=== EXTRACTED MATERIAL ===

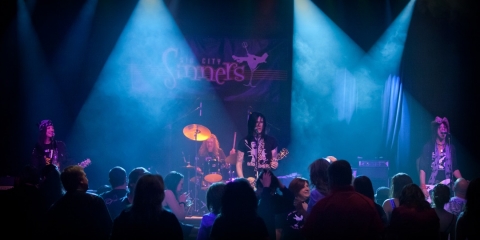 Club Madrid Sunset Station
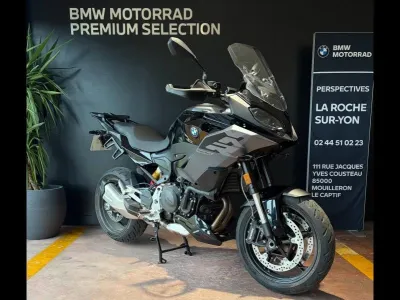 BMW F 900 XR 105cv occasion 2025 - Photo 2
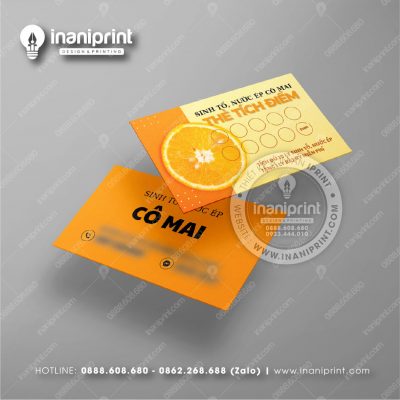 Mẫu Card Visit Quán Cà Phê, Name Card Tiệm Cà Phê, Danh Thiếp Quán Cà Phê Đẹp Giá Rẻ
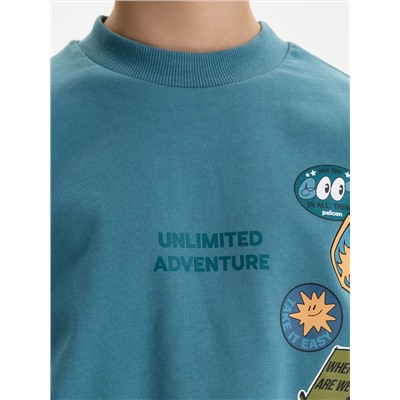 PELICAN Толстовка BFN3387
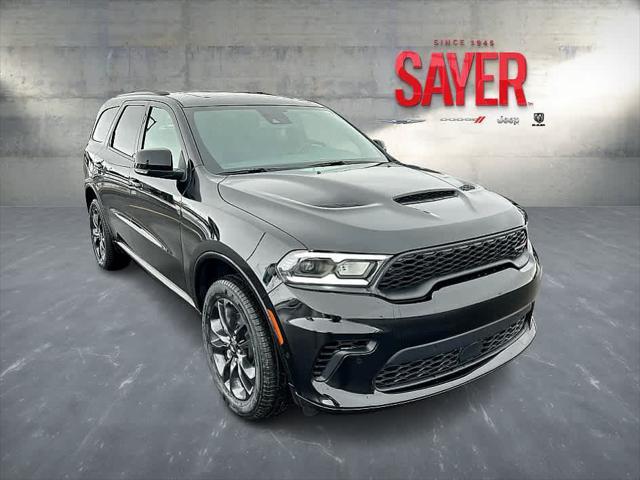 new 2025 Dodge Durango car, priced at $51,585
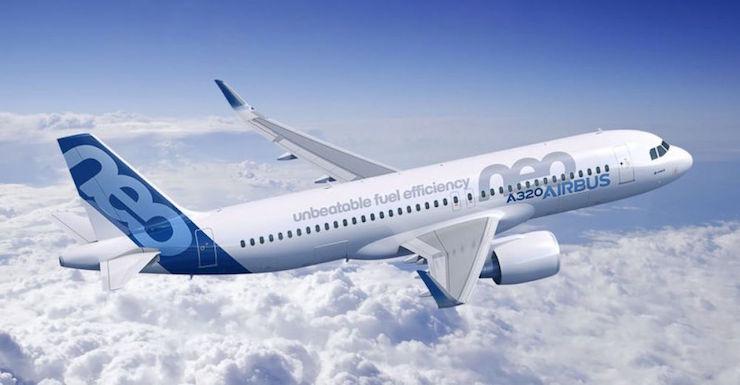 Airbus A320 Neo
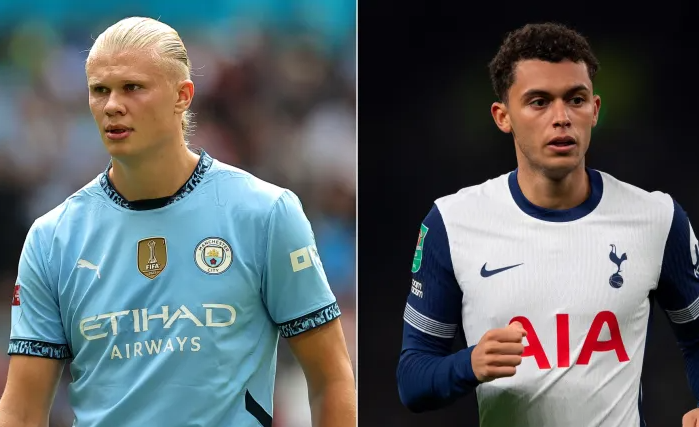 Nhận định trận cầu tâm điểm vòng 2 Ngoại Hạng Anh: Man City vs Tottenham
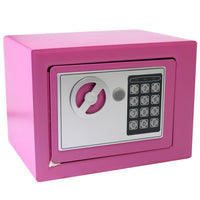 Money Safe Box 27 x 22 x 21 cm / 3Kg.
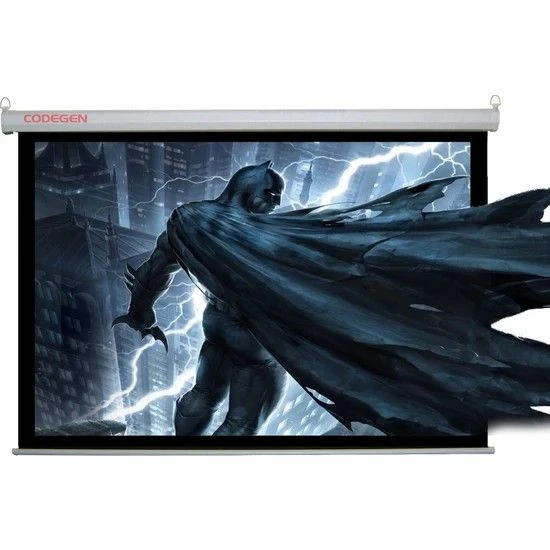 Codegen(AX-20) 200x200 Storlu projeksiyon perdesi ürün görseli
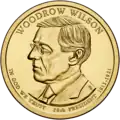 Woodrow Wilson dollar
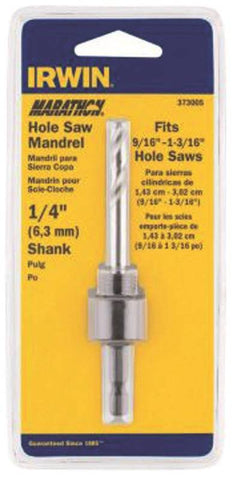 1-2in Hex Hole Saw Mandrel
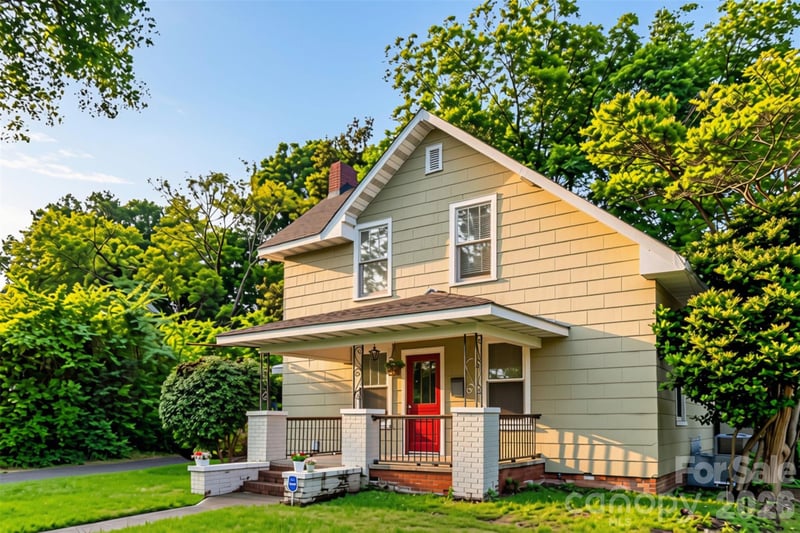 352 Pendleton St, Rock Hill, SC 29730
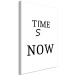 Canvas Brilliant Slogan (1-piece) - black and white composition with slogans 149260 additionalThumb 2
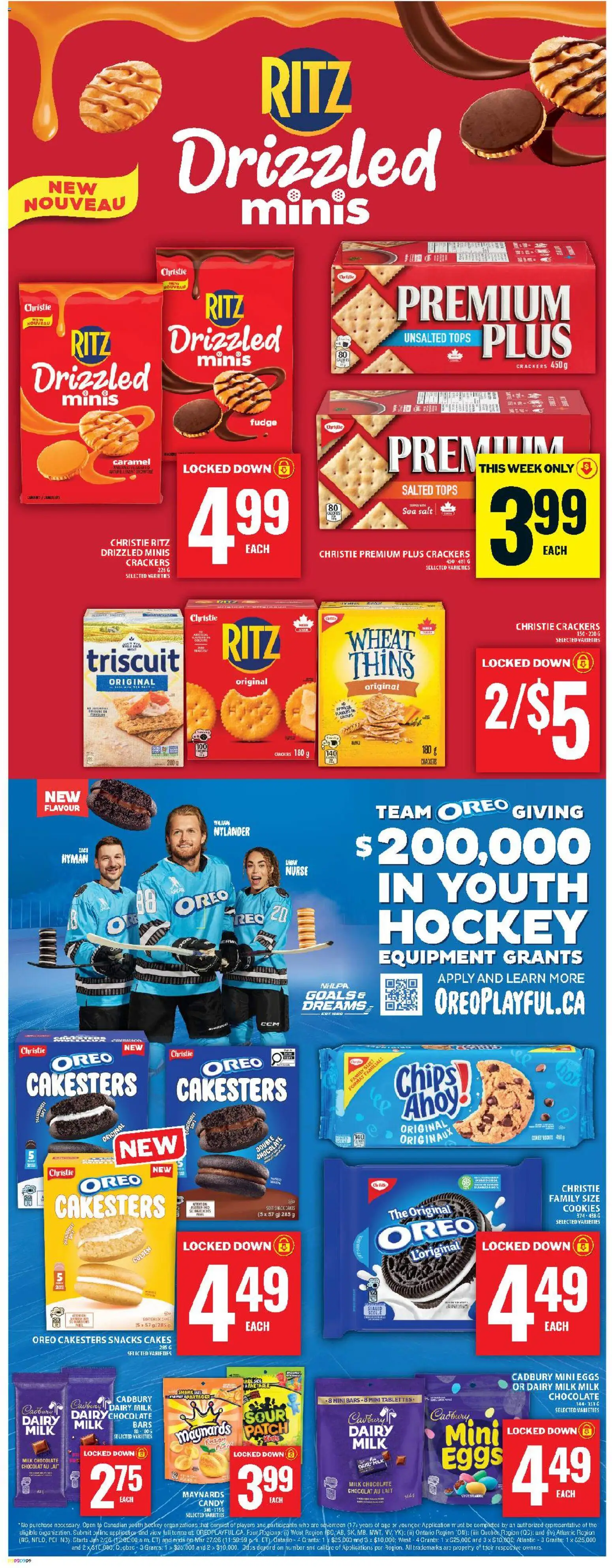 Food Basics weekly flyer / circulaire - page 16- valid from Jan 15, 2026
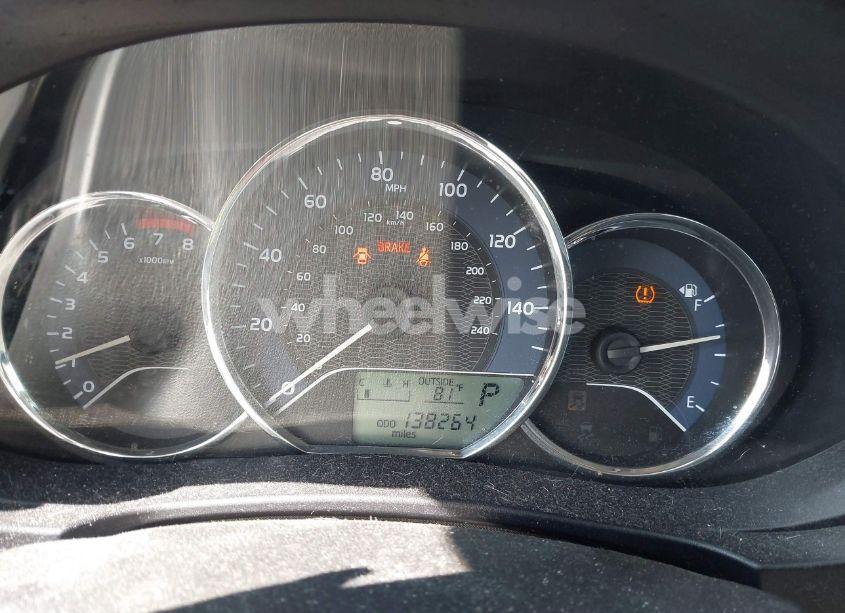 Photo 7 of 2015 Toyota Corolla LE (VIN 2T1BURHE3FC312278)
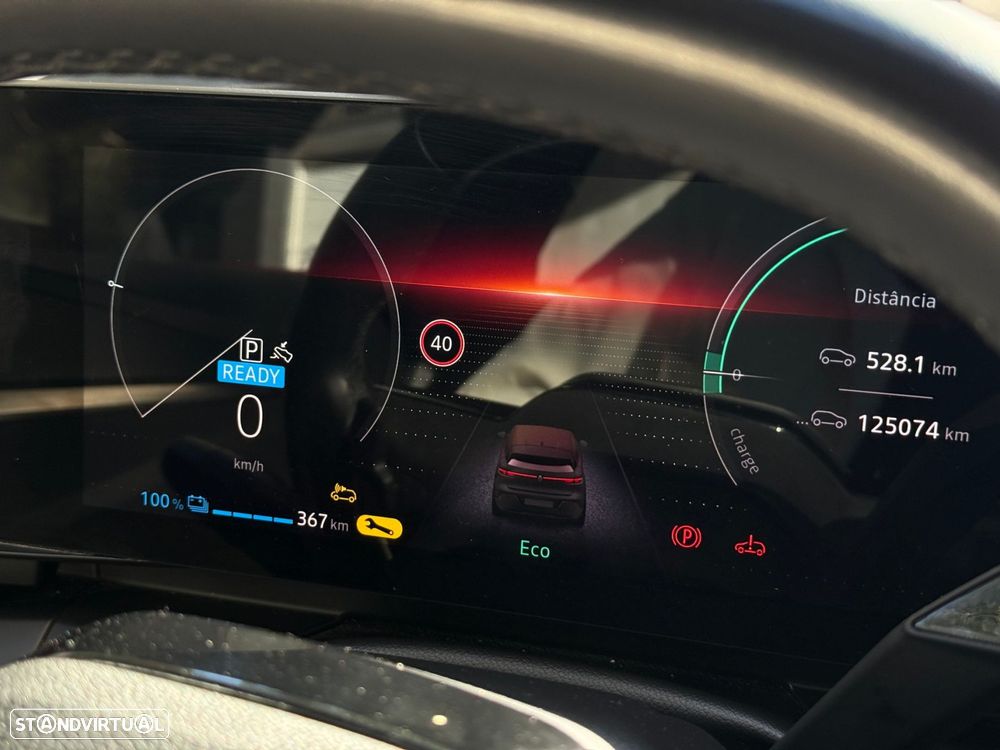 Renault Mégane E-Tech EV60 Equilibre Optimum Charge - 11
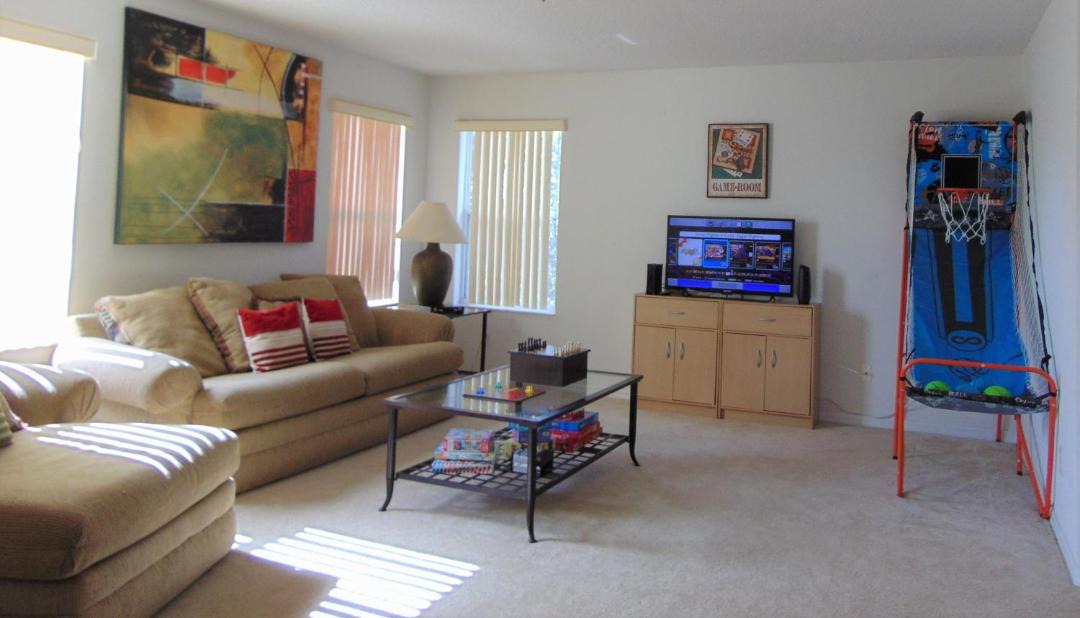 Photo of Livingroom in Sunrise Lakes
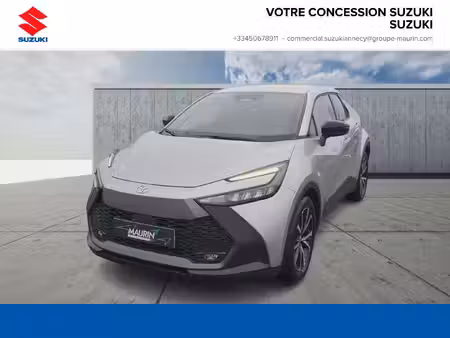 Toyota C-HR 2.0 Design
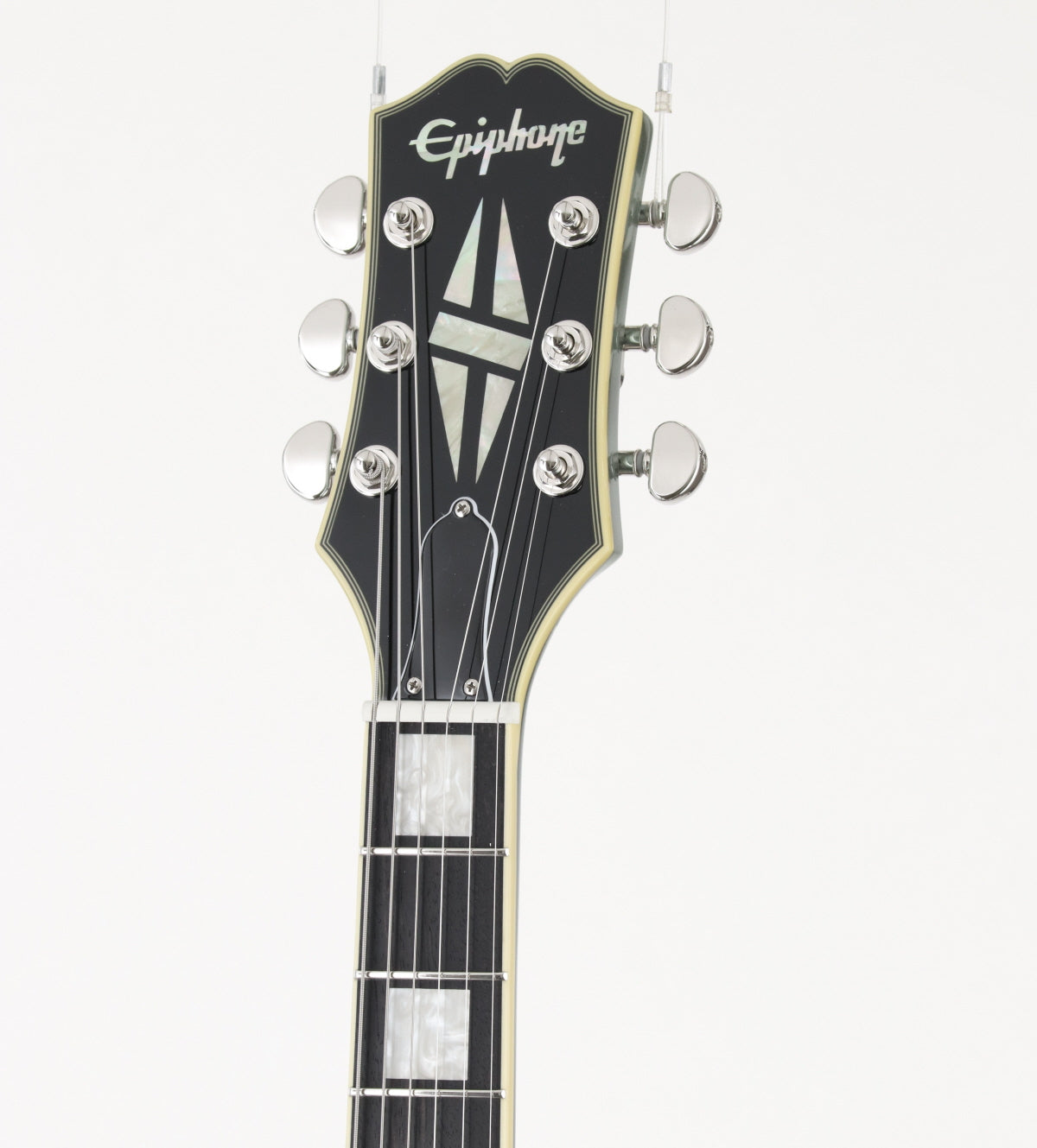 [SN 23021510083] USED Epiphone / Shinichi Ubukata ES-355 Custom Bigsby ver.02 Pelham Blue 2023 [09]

===

## TASK ITEM
Please return only the lines running from the line with "352 Pendleton St, Rock Hill, SC 29730" to the final line of the data, both included, exactly and without any pictures.

## SOLVED EXERCISE
 352 Pendleton St, Rock Hill, SC 29730
 Canvas Brilliant Slogan (1-piece) - black and white composition with slogans 149260 additionalThumb 2
 Food Basics weekly flyer / circulaire - page 16- valid from Jan 15, 2026
 Photo 7 of 2015 Toyota Corolla LE (VIN 2T1BURHE3FC312278)
 Renault Mégane E-Tech EV60 Equilibre Optimum Charge - 11
 Photo of Livingroom in Sunrise Lakes
 Toyota C-HR 2.0 Design
 [SN 23021510083] USED Epiphone / Shinichi Ubukata ES-355 Custom Bigsby ver.02 Pelham Blue 2023 [09]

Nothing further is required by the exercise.